La visión que nos proporciona esta Ilustración está impregnada por su ideología. Resulta significativo en este aspecto que la descripción de modelos extranjeros conlleve una serie de interrogantes acerca de la propia identidad nacional. Esta búsqueda de una identidad a través del análisis del ambiente socio-cultural de otras naciones es aún más patente en La Ilustración Catalana (1880-1893).

Esta revista que se define como un «periódich quinzenal, artistich, literari y científich», y que cuenta con la colaboración prestigiosa de Ángel Guimerá, Francisco Matheu, Narcist Oller, Jacinto Verdaguer entre otros, dedica varias páginas a la Exposición bajo el significativo título: «Catalunya a l'Exposició de París». Efectivamente, lo único que merece destacarse en esta manifestación es el lugar que ocupa Cataluña, verdadero representante del progreso industrial de España:

«[...] las instalaciones de Cataluña están en un orden perfecto; ostentan ricos productos y son en general de buen gusto. El Comité de Cataluña [...] ha cumplido perfectamente con su deber, cosa por demás meritoria sobre todo cuando se contempla el papel ridículo del Comisario de Madrid diariamente».

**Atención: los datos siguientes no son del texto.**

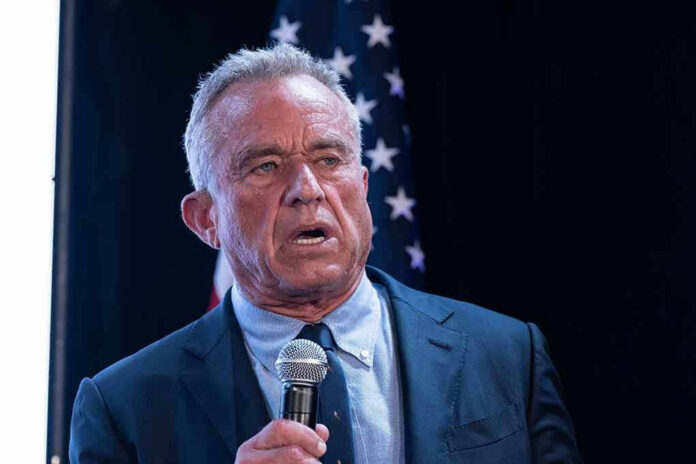 2456684675 Man holding microphone, speaking with American flag behind.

(La Ilustración Catalana, 15 de julio 1889, p. 206)                


Evidentemente Cataluña tiene la experiencia de su propia exposición de 1888 y no tiene nada que envidiar a Francia: La Ilustración Catalana nota que Barcelona es un «petit Paris». El interés que refleja esta revista por la Exposición Universal se justifica en gran parte por el deseo de encontrar nuevos mercados y modelos culturales en los que pueda reconocerse la burguesía conservadora y catalanista.

La visión que nos proponen estas ilustraciones del arte, de la ciencia y de la sociedad tanto francesa como española representa una valiosa aportación para analizar el sistema de representación colectiva de España en la segunda mitad del siglo XIX.